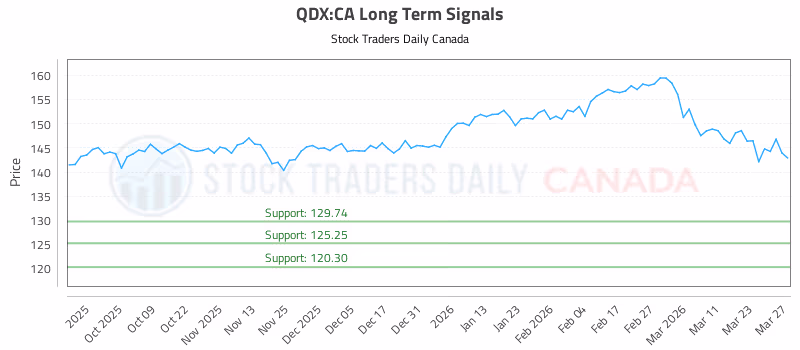 Stock Chart for QDX:CA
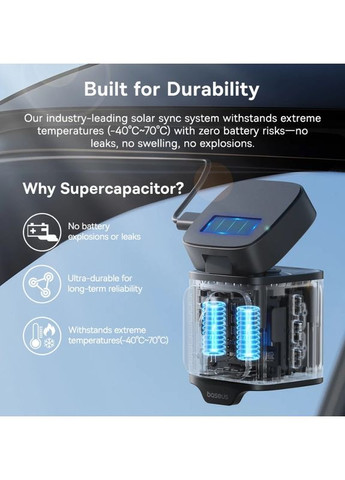 Відеореєстратор PrimeTrip VD1 Dash Cam 3K+1080p Cosmic C01159003K +кабель +камера Baseus (356505546)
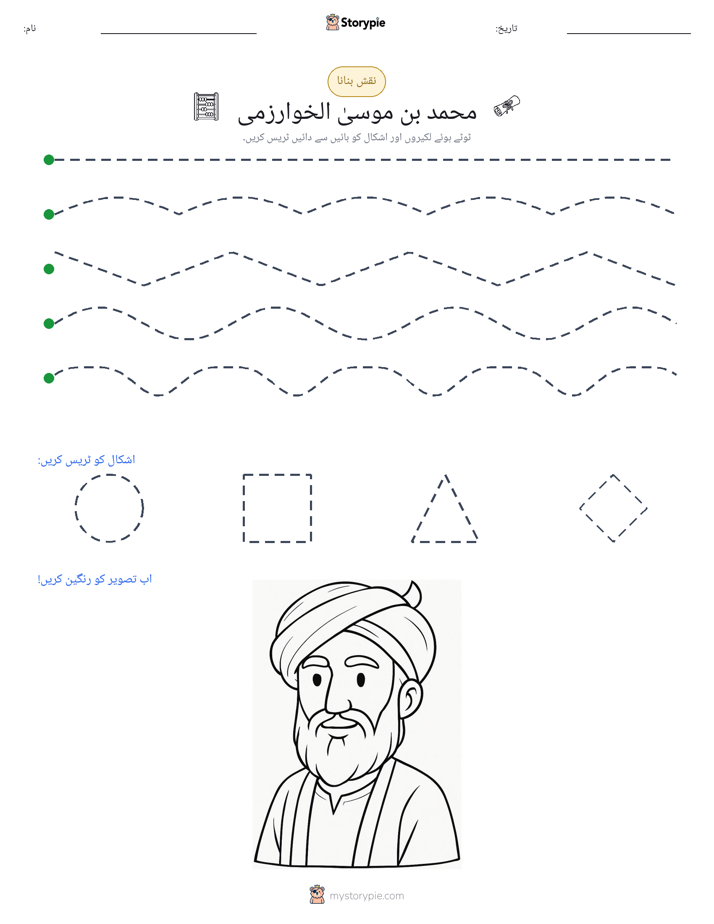 نقشہ بنانا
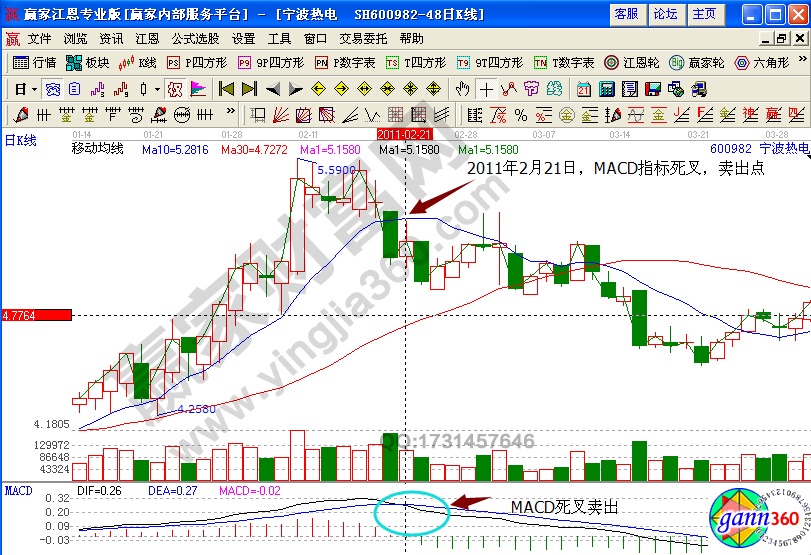 寧波熱電賣(mài)出點(diǎn)實(shí)例解析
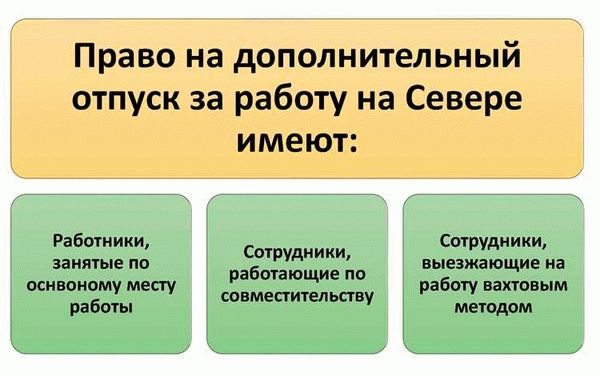 Документы, необходимые для бесплатной приватизации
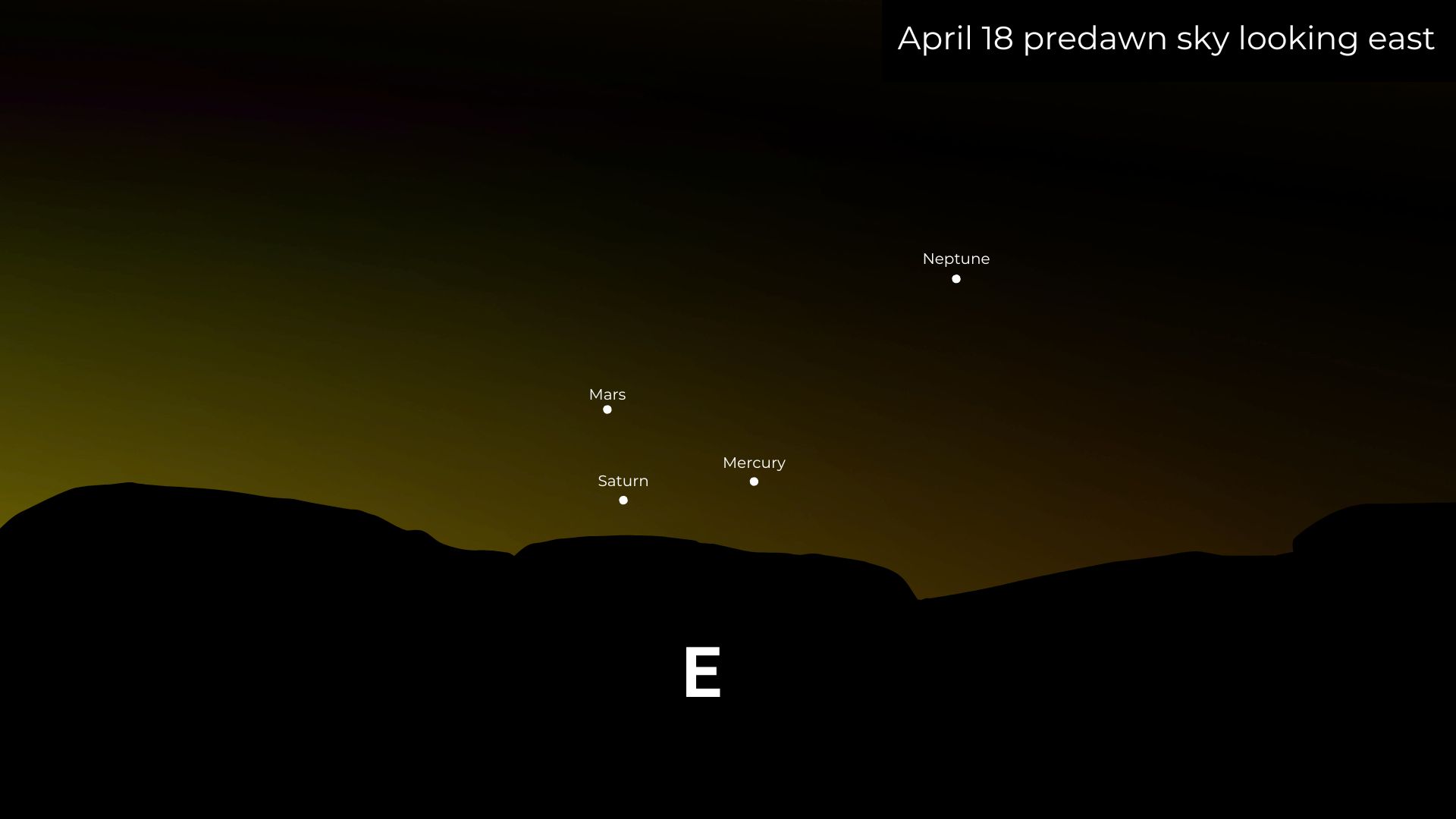 New moon of April 2026 brings incredible views of the constellation Hydra, Jupiter, Venus and more this week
=====
Your goal: Every line from the one that holds "寧波熱電賣(mài)出點(diǎn)實(shí)例解析" to the end of the listing should be output exactly, with pictures left out, please.

Answer:
 寧波熱電賣(mài)出點(diǎn)實(shí)例解析
 Документы, необходимые для бесплатной приватизации
 New moon of April 2026 brings incredible views of the constellation Hydra, Jupiter, Venus and more this week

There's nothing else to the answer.